Tipping. Everyone’s got an opinion. The thing I hate most about tipping is the feeling of “I’m not doing this right”. To better understand it, I read a book about tipping by a veteran waiter. There are now several “tipping guides”, but I like Everything You Don’t Know About Tipping via Abnormal Returns because the author has a similar perspective. He’s not ranting about how tips should be abolished or how we should tip every person we meet 30%. He just wants to understand expectations and avoid the “dreaded Ambiguous Tipping Situation”. Am I under-tipping? Am I over-tipping? Should I tip at all? Here are the results:
I put on my Weird But Earnest Guy Doing a Survey About Something hat and hit the streets, interviewing 123 people working in New York jobs that involve tipping. My interviews included waiters, bartenders, baristas, manicurists, barbers, busboys, bellmen, valets, doormen, cab drivers, restaurant delivery people, and even some people who don’t get tipped but I’m not sure why, like acupuncturists and dental hygienists.
Later in the post, the author explores how being a low, average, or high tipper means for your budget in terms of dollars. Keep in mind that the numbers are for New York City.

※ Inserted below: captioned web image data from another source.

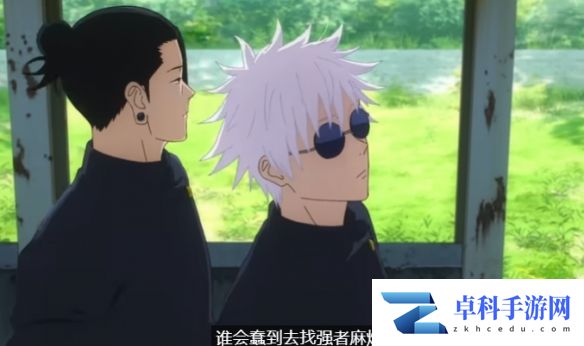 游侠网1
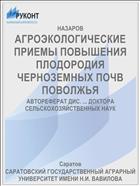 АГРОЭКОЛОГИЧЕСКИЕ ПРИЕМЫ ПОВЫШЕНИЯ ПЛОДОРОДИЯ ЧЕРНОЗЕМНЫХ ПОЧВ ПОВОЛЖЬЯ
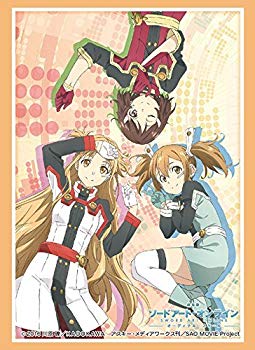 【中古】【非常に良い】ブシロード スリーブコレクションエクストラ Vol.205 『劇場版 ソードアート・オンライン -オーディナル・スケール-』 n5ksbvb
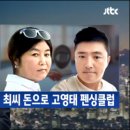 강남펜싱클럽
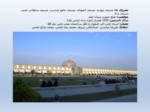 دانلود فایل پاورپوینت مسجد امام اصفهان صفحه 4 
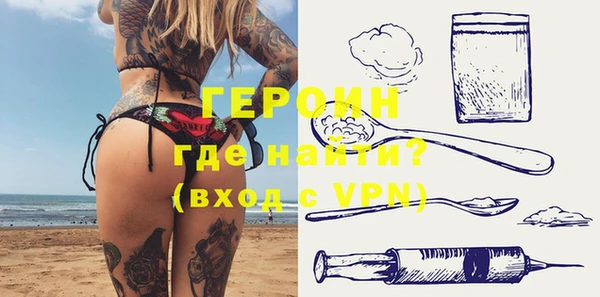 спиды Богданович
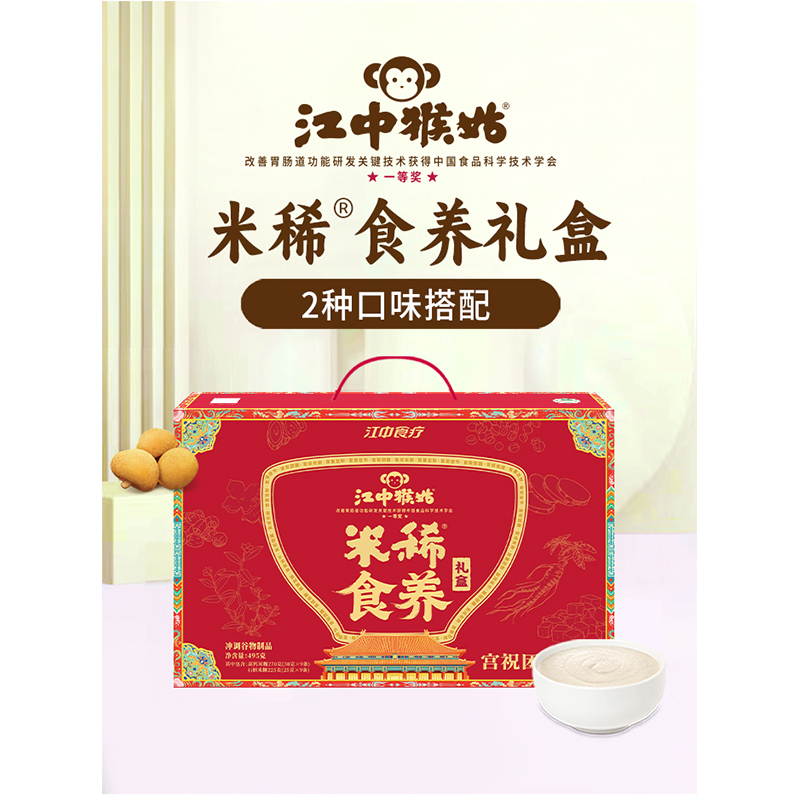江中猴姑 宫祝团圆 米稀食养 礼盒 495g/盒高清大图
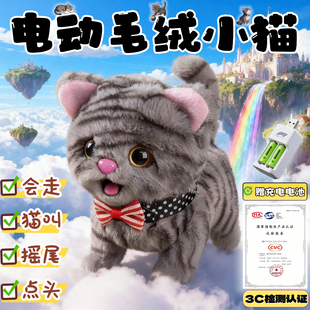 玩具猫走路会叫仿真女孩会动的儿童1到3岁电子猫毛绒电动充电宝宝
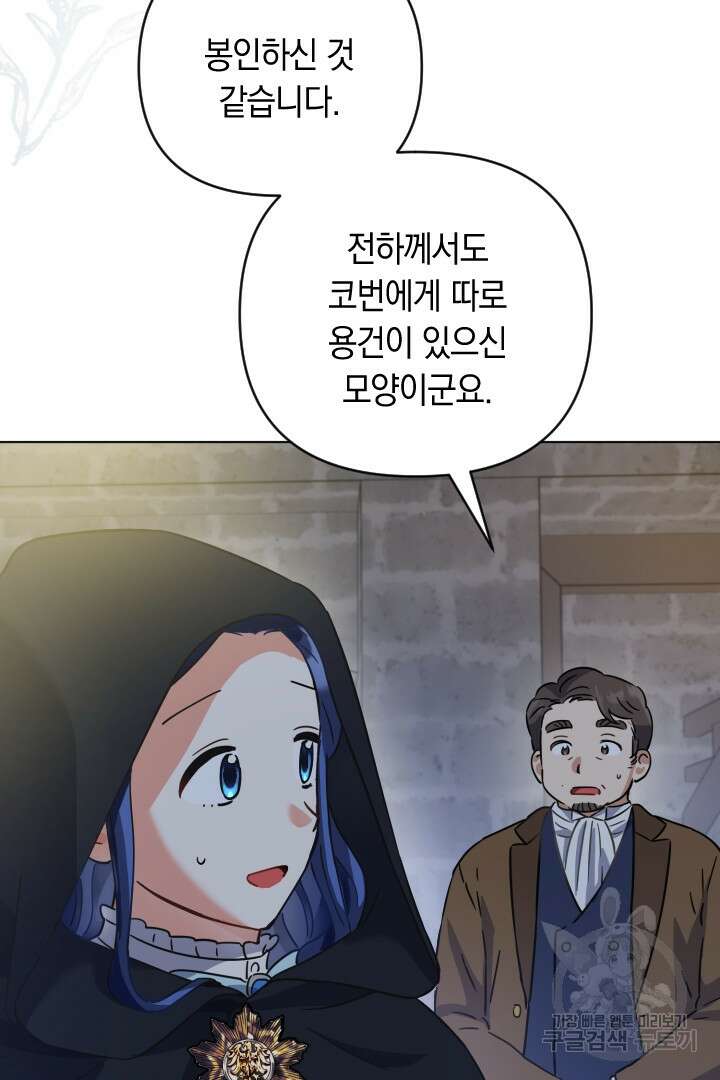 황자님, 왜 잘해 주세요? 11화 6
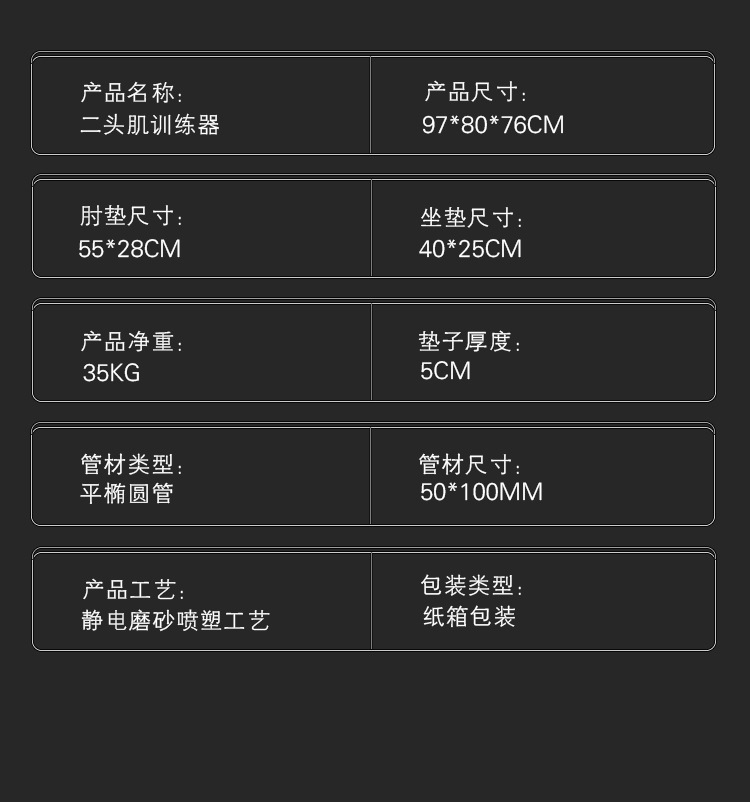 二头肌刘_09.jpg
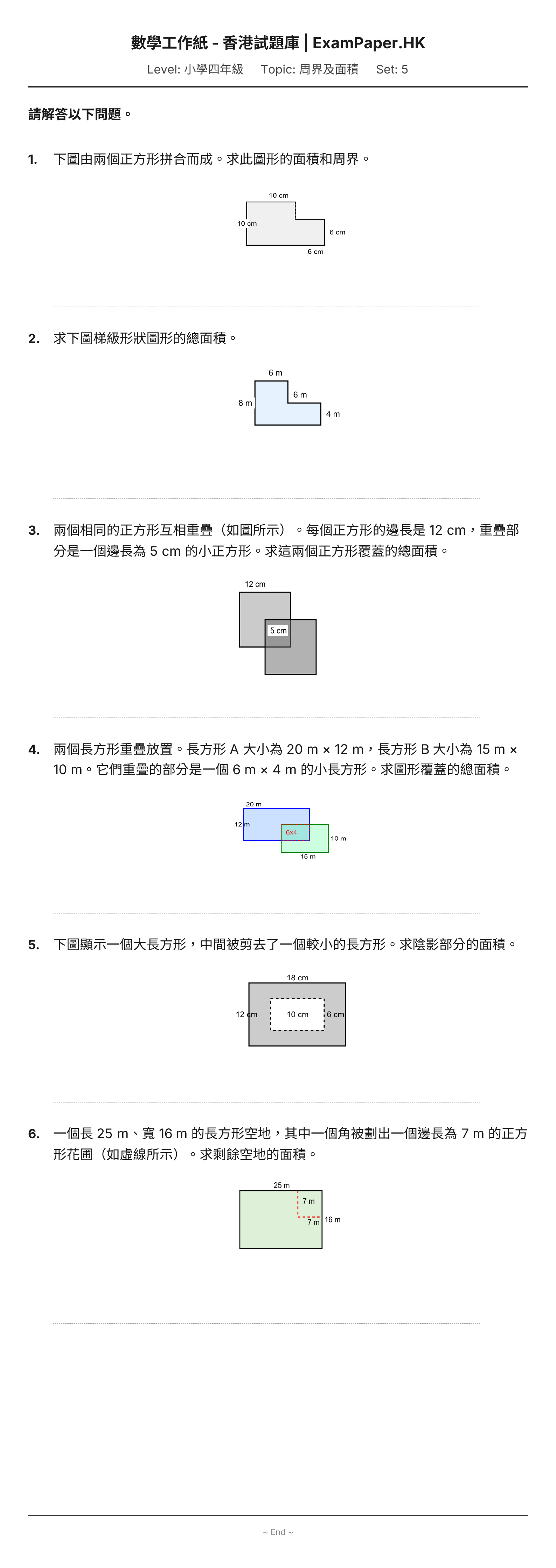 試題 #5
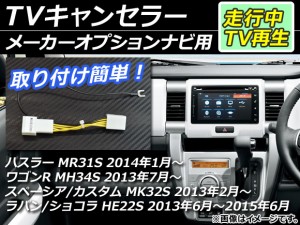 TVキャンセラー スズキ ハスラー MR31S 2014年01月〜 メーカーオプションナビ用 AP-EC001
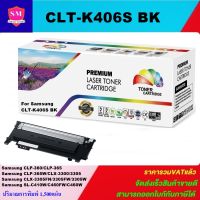 ตลับหมึกเลเซอร์โทเนอร์เทียบเท่า SAMSUNG CLT-K406S BK/C/M/Y ใช้กับรุ่น Samsung CLP-360/CLP-365/CLP-365W/CLX-3300/CLX-3305FW/Xpress SL-C410W/SL-C460FW/SL-C460W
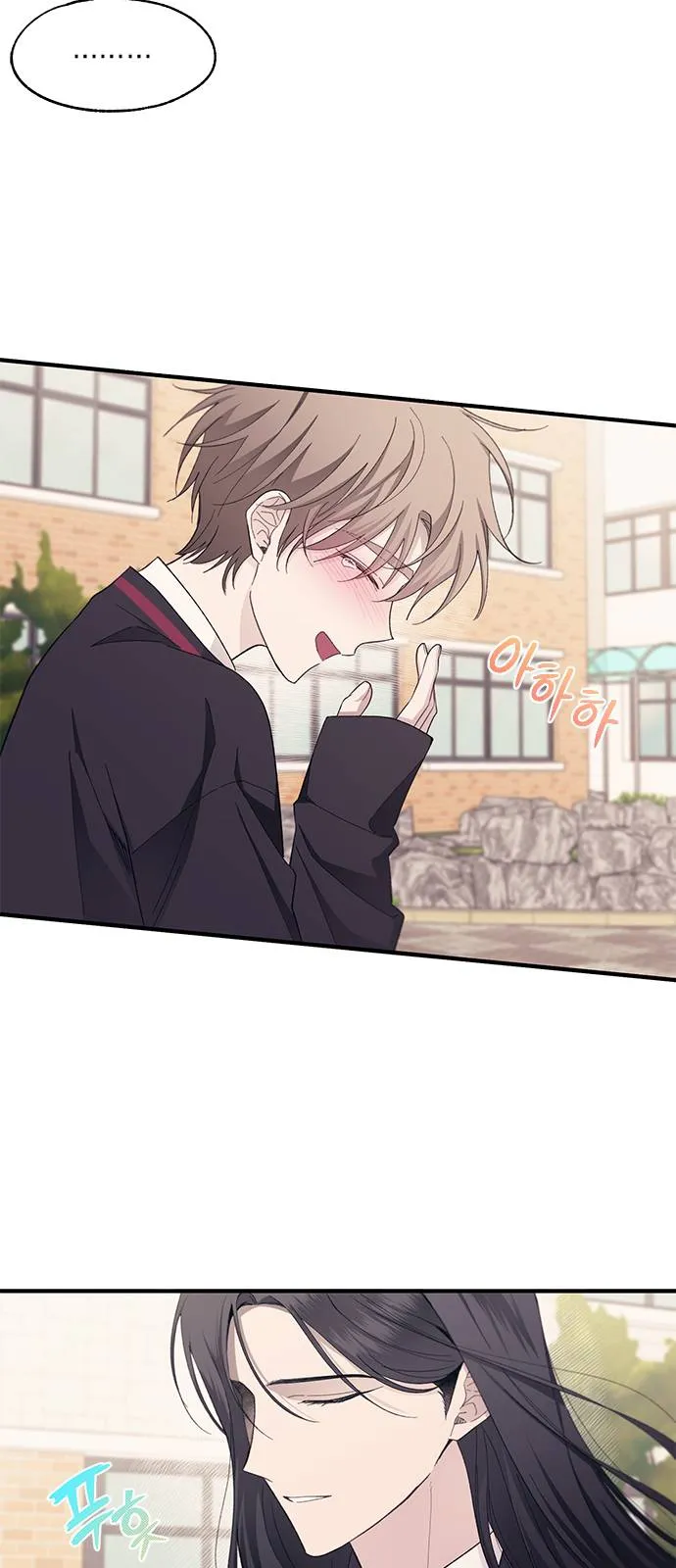 Read Yeonwoo’s Innocence AR Manga Online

I’m probably in the “low spender” range, as my little-kid lifestyle doesn’t include frequent visits to establishments that involve tipping. On the other hand, I have discovered the joys of tipping a skycap at the airport and seeing 3 car seats and multiple suitcases disappear at the curb. For the most part, I think that tipping on the “expected” level shouldn’t break your budget. These are mostly optional services; It’s not like you have to tip the grocery store cashier, the gas pump, or your landlord.
For me, tipping goes in the bucket of “I would change if I was omnipotent, but in reality I’m going to waste my life energy on it.” I simply aim to keep everyone happy (or at least satisfied) and move on with my day. This guide may not be perfect (there’s always someone with a gripe) but it helps.